◆ STORED DATA:
[Start of Attachment]

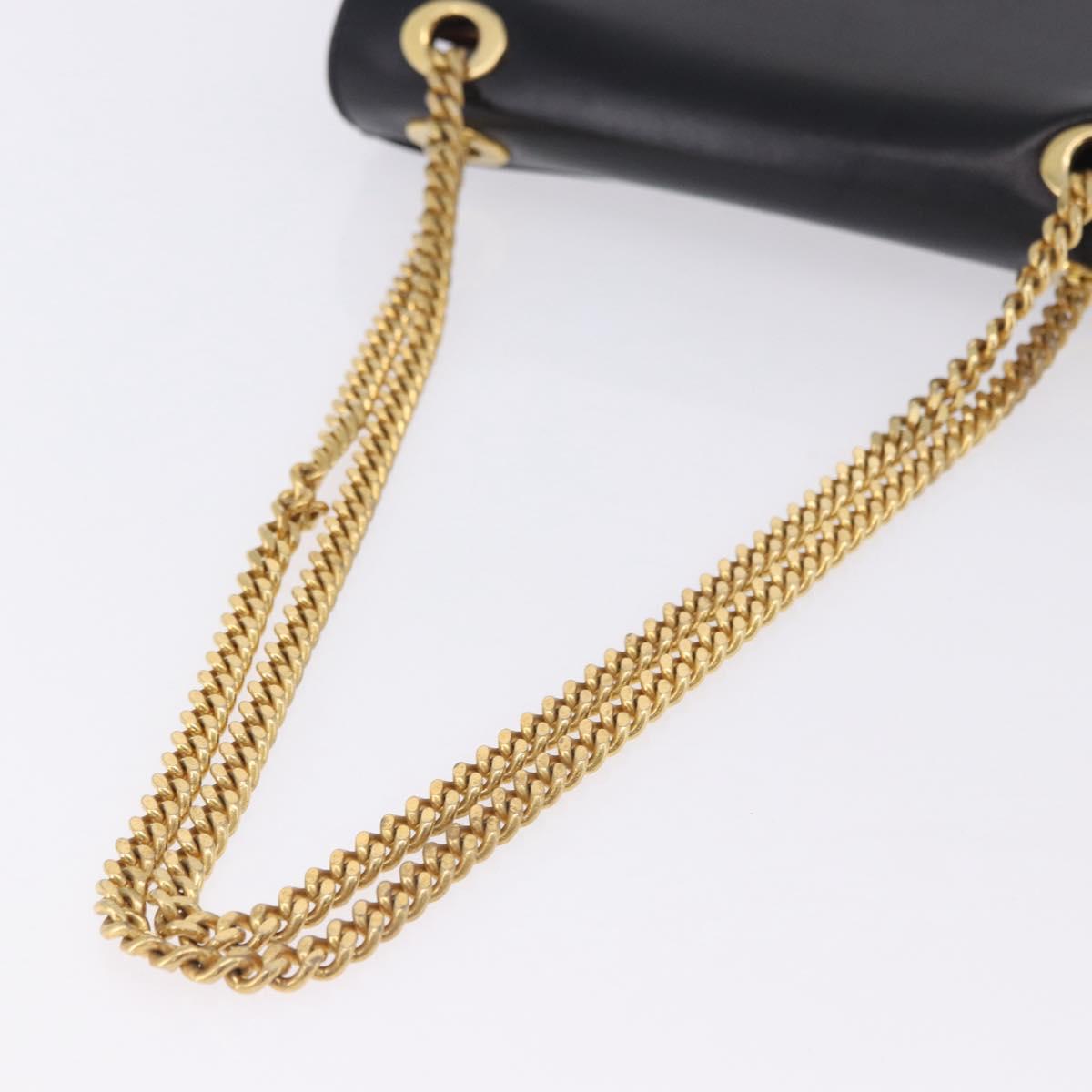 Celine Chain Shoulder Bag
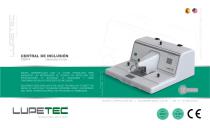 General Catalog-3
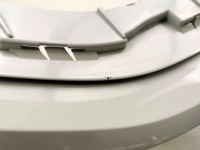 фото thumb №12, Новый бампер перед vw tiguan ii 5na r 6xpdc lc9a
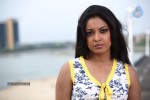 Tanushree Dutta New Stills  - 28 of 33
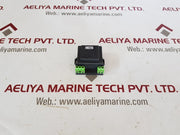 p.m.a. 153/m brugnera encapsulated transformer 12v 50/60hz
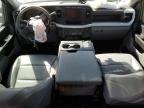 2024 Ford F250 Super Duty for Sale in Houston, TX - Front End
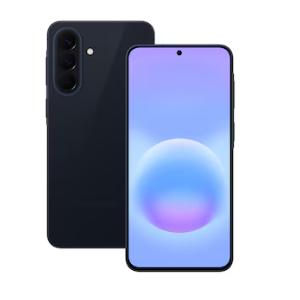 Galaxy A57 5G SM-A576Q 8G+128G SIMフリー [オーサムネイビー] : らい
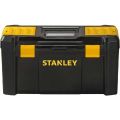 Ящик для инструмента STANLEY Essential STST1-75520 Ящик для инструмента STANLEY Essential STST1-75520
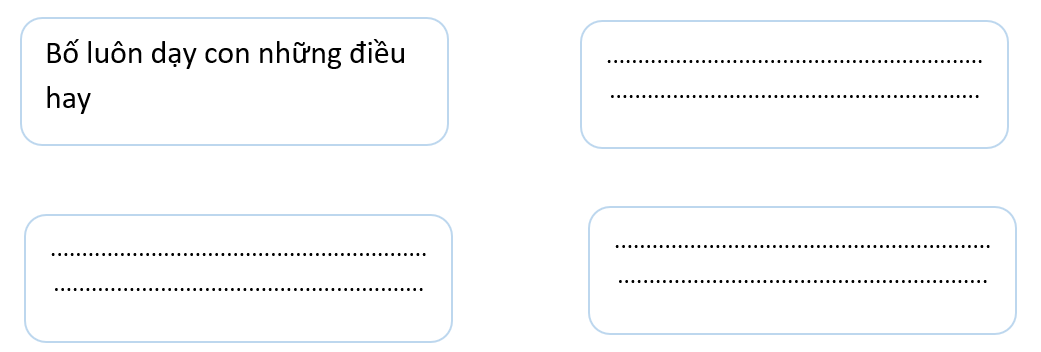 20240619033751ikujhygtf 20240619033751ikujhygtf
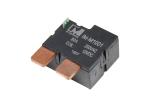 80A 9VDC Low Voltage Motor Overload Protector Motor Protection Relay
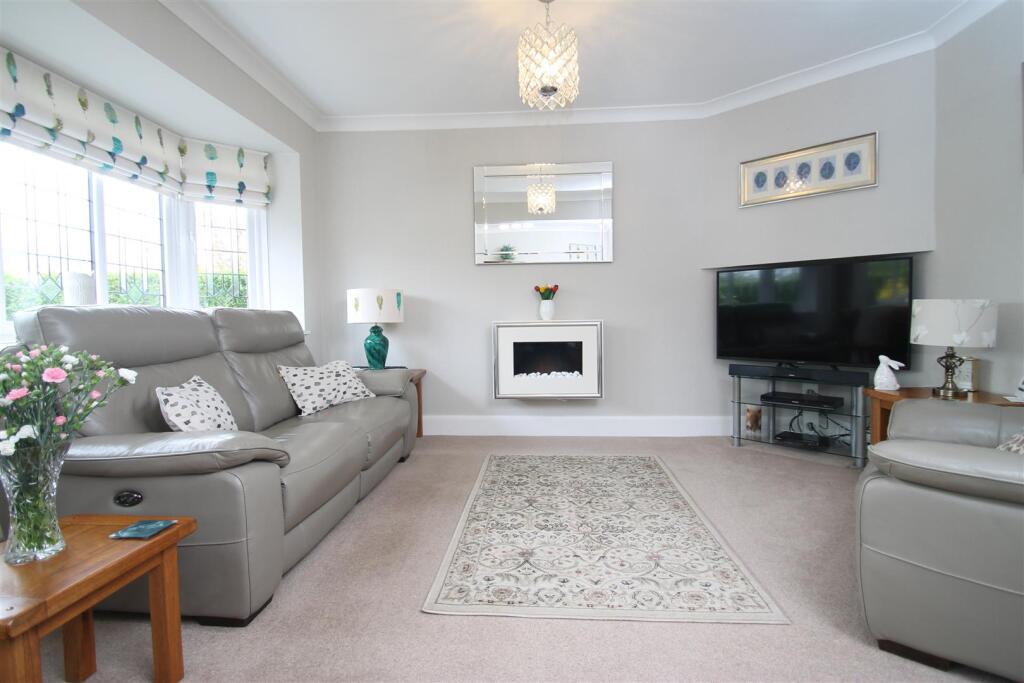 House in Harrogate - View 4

[End of Attachment]

Print the lines from the line with "Ящик для инструмента STANLEY Essential STST1-75520 Ящик" to the end of the data above. Include both ends, exclude the pictures, and add nothing else.

◆ ANSWER TO THE EXERCISE:
 Ящик для инструмента STANLEY Essential STST1-75520 Ящик для инструмента STANLEY Essential STST1-75520
 20240619033751ikujhygtf 20240619033751ikujhygtf
 80A 9VDC Low Voltage Motor Overload Protector Motor Protection Relay
 House in Harrogate - View 4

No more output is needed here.